Une tour en aluminium a finalement été construite et a endommagé irrémédiablement les coraux et perturbé la vie marine. Les solutions alternatives proposées, comme l’utilisation de la tour en bois existante ou la construction d’une tour sur la terre ferme, ont été rejetées par l’organisation olympique pour des raisons de visibilité et de sécurité, bien que certains experts affirmaient que les fondations de l’ancienne tour étaient encore solides. La nouvelle tour a toutefois intégré des modifications qui ont en partie apaisé la polémique, sans effacer pour autant les dommages environnementaux causés.Les récifs coralliens, essentiels pour la reproduction et l’alimentation des espèces marines, sont déjà menacés par le réchauffement climatique, l’artificialisation des littoraux et la pollution. Protéger ces écosystèmes est crucial, d’autant plus que la France abrite 10 % des récifs coralliens mondiaux, ce qui lui confère une responsabilité particulière dans leur préservation.
Des Jeux olympiques et des évènements sportifs à repenser
Le gouvernement et les organisateurs portent une lourde responsabilité dans l’impact environnemental de ces JOP. Ils n’ont pas mis en place les mesures qui auraient permis de réduire le bilan carbone de cette compétition, comme c’est souvent le cas pour des événements sportifs de cette envergure.
Le secteur des grandes compétitions sportives internationales émet plusieurs millions de tonnes de CO2 par an et doit, comme tout autre secteur en Union Européenne, réduire de 55 % son empreinte d’ici à 2030 (par rapport à 1990). La transition écologique du secteur sportif doit être repensée afin de proposer un cadre commun à suivre, compatible avec la lutte contre le réchauffement climatique. Parce que les Jeux olympiques et paralympiques sont des événements très médiatisés dans le monde entier, il est crucial de s’interroger sur les aberrations en cours et de se mobiliser pour les faire évoluer.
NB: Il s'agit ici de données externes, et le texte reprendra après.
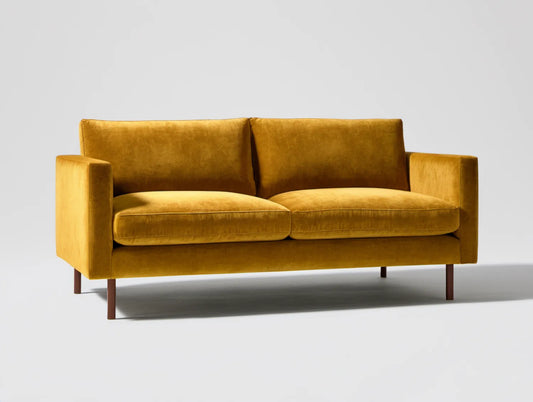 Musztardowa sofa dwuosobowa z aksamitną tapicerką 160 × 85 × 82 cm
L’État français et les instances organisatrices doivent accompagner ce changement sur ce type d’événement clé en prenant des mesures politiques fortes, notamment :
- Réduire considérablement le nombre de spectateurs sur place, car le premier poste d’émission est le déplacement en avion.
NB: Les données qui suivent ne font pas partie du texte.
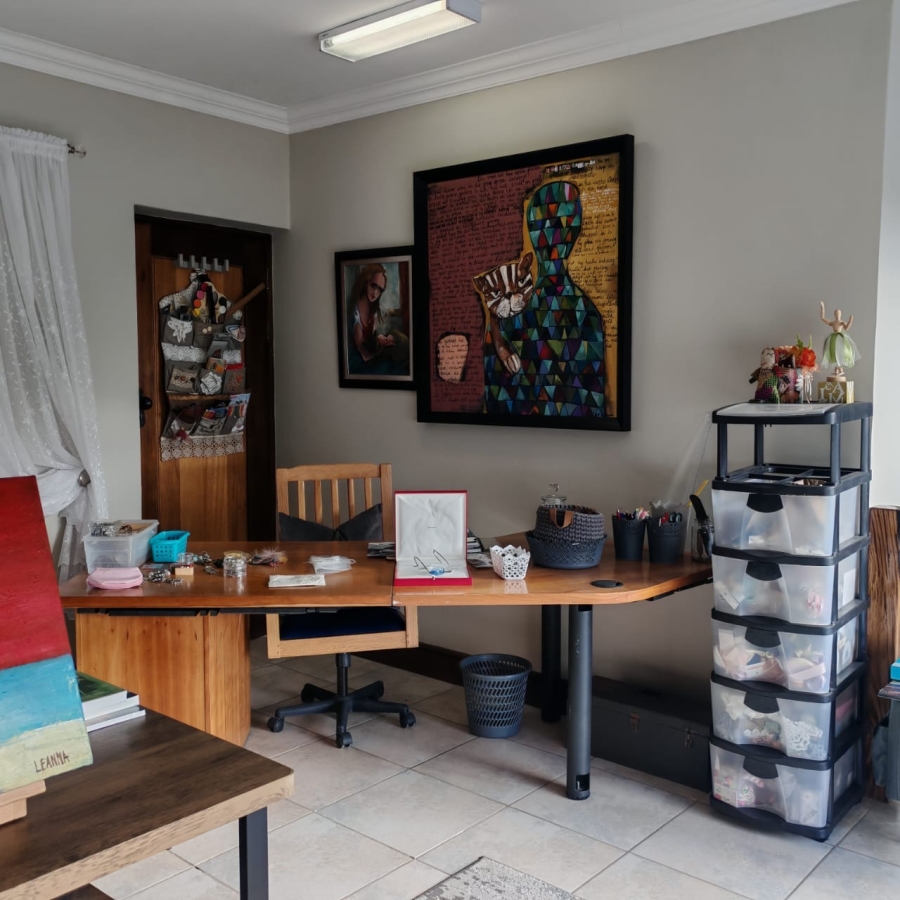 5 Bedroom Property for Sale in Avonddans Western Cape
- Réduire drastiquement le recours au transport aérien et permettre au public de vivre l’événement à distance.
- Utiliser uniquement des infrastructures existantes.
- Rendre les sites complètement accessibles par les transports en commun.
- Interdire totalement l’utilisation de plastique à usage unique.
- Abandonner les partenariats avec des marques dont les activités sont climaticides.
- Proposer une alimentation végétarienne, bio et locale.
D’un point de vue social, nous déplorons que ces JOP ne ressemblent en rien à la « fête populaire pour la France entière » revendiquée par le comité d’organisation, car les prix des billets restent largement prohibitifs pour une immense majorité de Français et Françaises et pour les effets désastreux qu’ils pourraient avoir sur certaines populations et dont nous avons parlé plus haut. D’un point de vue environnemental, ces JOP ne seront pas écologiques comme ils le prétendent et causeront de graves dégâts irréversibles, notamment en Seine-Saint-Denis. Tels qu’ils ont été organisés, ces Jeux 2024 ne semblent pas compatibles avec la lutte contre le changement climatique. L’arbitrage final est malheureusement sans appel : malgré les engagements climatiques initiaux de Paris 2024, la compétition de greenwashing continue.